Personal financial planning should be a requirement in high school curriculums

Just a few decades ago, personal financial planning was something only geeks and wealthy people did. Today, everyone knows it's a necessary skill we should all acquire. Most of the major television networks now have some kind of regular programming devoted to the subject of our money and individual financial planning. These segments are educational, but a great many baby boomers are sorely lacking in an effective personal financial program that will cover them in old age. So now they're playing catch-up, trying to mend those years of neglect. This being the case, it makes sense that our kids should be exposed to the basics of personal financial planning while they're still in high school, so they don't go down that same road.

When you're young, retirement is the last thing on your mind. Reaching that stage of life may as well be generations away in young people's mind. Yet, that day will come. If financial planning were a required course in high school, at least the concepts will make more sense. Doubtless, the modalities will change in their lifetime, but imparting a basic understanding of the current Roth-IRAS, 401K plans and mutual fund portfolios will convey the concept and benefits of these investment models.

Such a course might present case studies which show the results of various avenues of personal financial planning begun at various points in life.

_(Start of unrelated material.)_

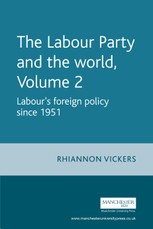 The Labour Party and the world, volume 2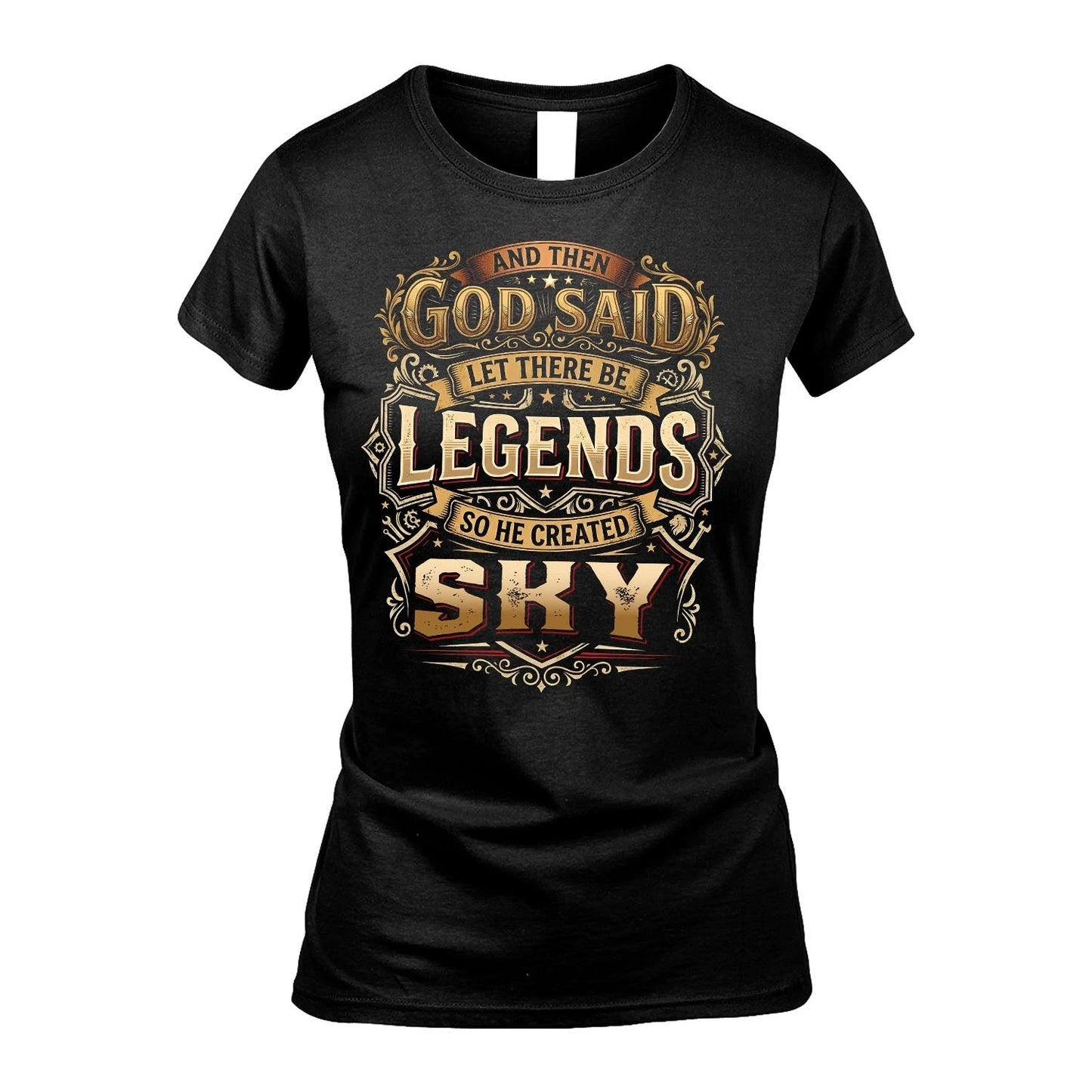 SKY 13K1-540 And Then God Said Let There Be Legends...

For example, three case studies based on persons making identical incomes, but implemented at the age of 30, 40 and 50 could be eye-opening lessons. Other case studies might examine the results of weighting the percentages of income invested in a balance of investment vehicles.

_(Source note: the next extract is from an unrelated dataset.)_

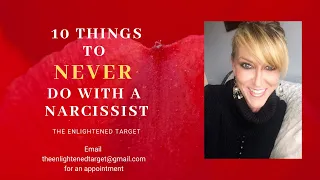 10 Things NEVER to do with a Narcissist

Other topics might include the Dow Theory and historical trends of the stock market, what day trading is and how successful such investors fare statistically. The idea would not be to make the students experts in personal financial planning, but to make them aware that making such a plan will impact their resources in a significant way. Who knows that Social Security benefits will even be an option for these young people, come retirement.

In addition to these more complex areas of study, students could learn more about the everyday issues they'll soon face in the real world. For example, these kids will eventually purchase their own vehicle. There are lots of ways to approach purchasing a car. A lesson could show the financial outcomes of saving and paying cash versus financing and paying interest. How about financing a college education? Some recent college grads will be paying off those loans for many years. This information should not serve to discourage the college bound student, but to encourage the examination of options. Grants, scholarships and two-year stints at junior colleges can make a huge difference in their financial situation after graduation.

Perhaps some clever educator should suggest a pilot program on personal financial planning in their school. This success might spread!